O que primeiro chama a atenção no título do artigo é o adjetivo “injusto”. A pergunta que ele suscita é muito óbvia: injusto para quem? Para o jornal? Para quem pode pagar para estudar? Para quem não pode? Para os bancos particulares que lucrariam com programas de financiamento estudantil? Qual é a noção de justiça invocada aqui, afinal? Essas perguntas o editorial não responde. Ele só diz que “os alunos de renda mais alta conseguem ocupar a maior parte das vagas nos estabelecimentos públicos, enquanto aos pobres restam as faculdades pagas”, afirmação que desmente inadvertidamente.
Com essa platitude do senso comum, o autor inverte a lógica da injustiça social para jogar nas costas da universidade pública sucateada o ônus de problemas sociais que ela nunca criou ou perpetuou. Convenientemente, o editorial se omite sobre os interesses dos fundos de investimentos que esperam, há anos, a oportunidade de lucrar muito com planos privados de financiamento estudantil. Na verdade, o texto só transforma a universidade pública em bode expiatório para problemas gerados pela má-gestão política do dinheiro arrecadado pelos estados e pela União.

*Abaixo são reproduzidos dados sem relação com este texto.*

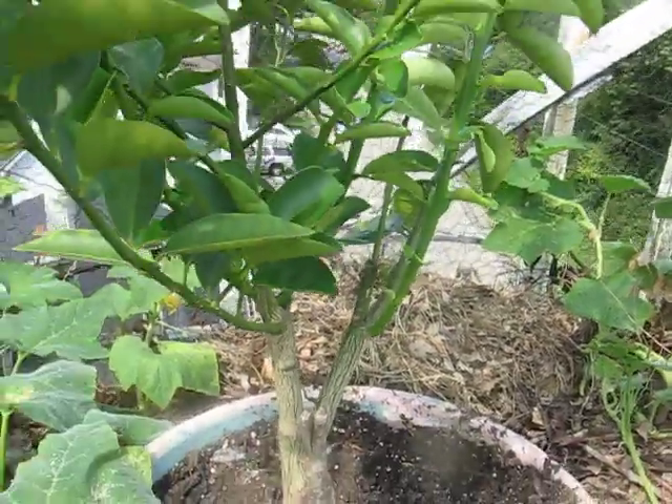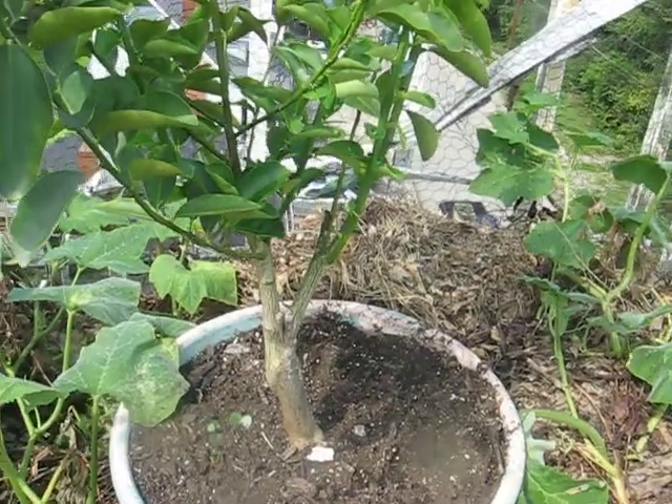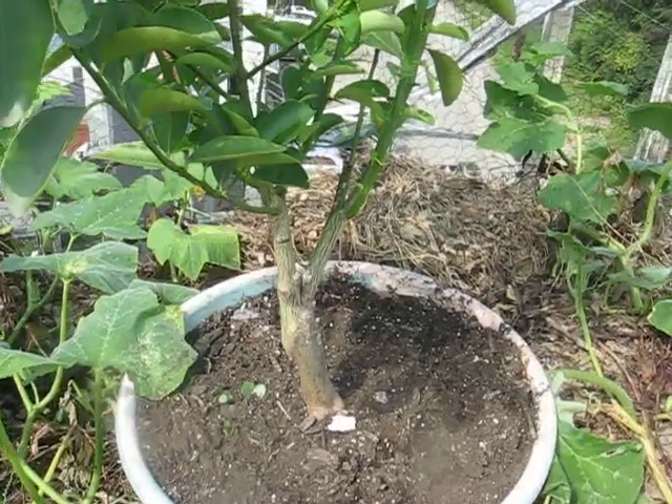The whole tree kind of looks like this. The reason for the interstock is that the Fukushu Kumquat cannot be grafted directly to Sour Orange.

O editorial ainda sugere que a cobrança de tarifas dos alunos do ensino superior público automaticamente reduziria a carga tributária. Esse é um argumento falso, que confunde os leitores para que apoiem políticas que se voltariam contra eles. O texto silencia sobre o fato de que, na prática, as famílias com filhos em universidades públicas continuariam a ter a mesmíssima carga tributária pesada, à qual seria somado o custo extra de ter de pagar caro por algo que lhes é de direito. Por esse prisma, a proposta do editorial é injusta e oportunista.
O autor ainda defende seu argumento citando uma pesquisa da “Folha de São Paulo”, de acordo com a qual “60% dos alunos da USP poderiam pagar mensalidades na faixa das cobradas por estabelecimentos privados.” Em que condições eles poderiam pagar para estudar o editorial não menciona, ignorando as diferenças socioeconômicas na faixa que cria estatisticamente. Há, portanto, pelo menos dois problemas que invalidam esse exemplo. Um lógico-matemático e outro retórico.
Se lermos o exemplo ao contrário, perceberemos que chocantes 40% dos alunos da USP não poderiam pagar mensalidades, e jamais estudariam lá, ainda que merecidamente passassem no vestibular. Isso não é injusto? Assim, o editorial generaliza a questão do financiamento do ensino superior a partir de um único exemplo, sem fazer as devidas contextualizações. O autor simplesmente toma a condição financeira de pouco mais da metade dos alunos da USP como único parâmetro para propor uma reforma geral e se dá por satisfeito, embora saiba que a USP não é a nossa única universidade pública.
Em suma, se quisesse ser justo, como pretende parecer ser, o autor teria feito um levantamento extensivo da situação financeira dos alunos das universidades públicas brasileiras para saber quem realmente não pode pagar para estudar.
Fernando A. Poaiana
professor e músico
São José do Rio Preto -SP.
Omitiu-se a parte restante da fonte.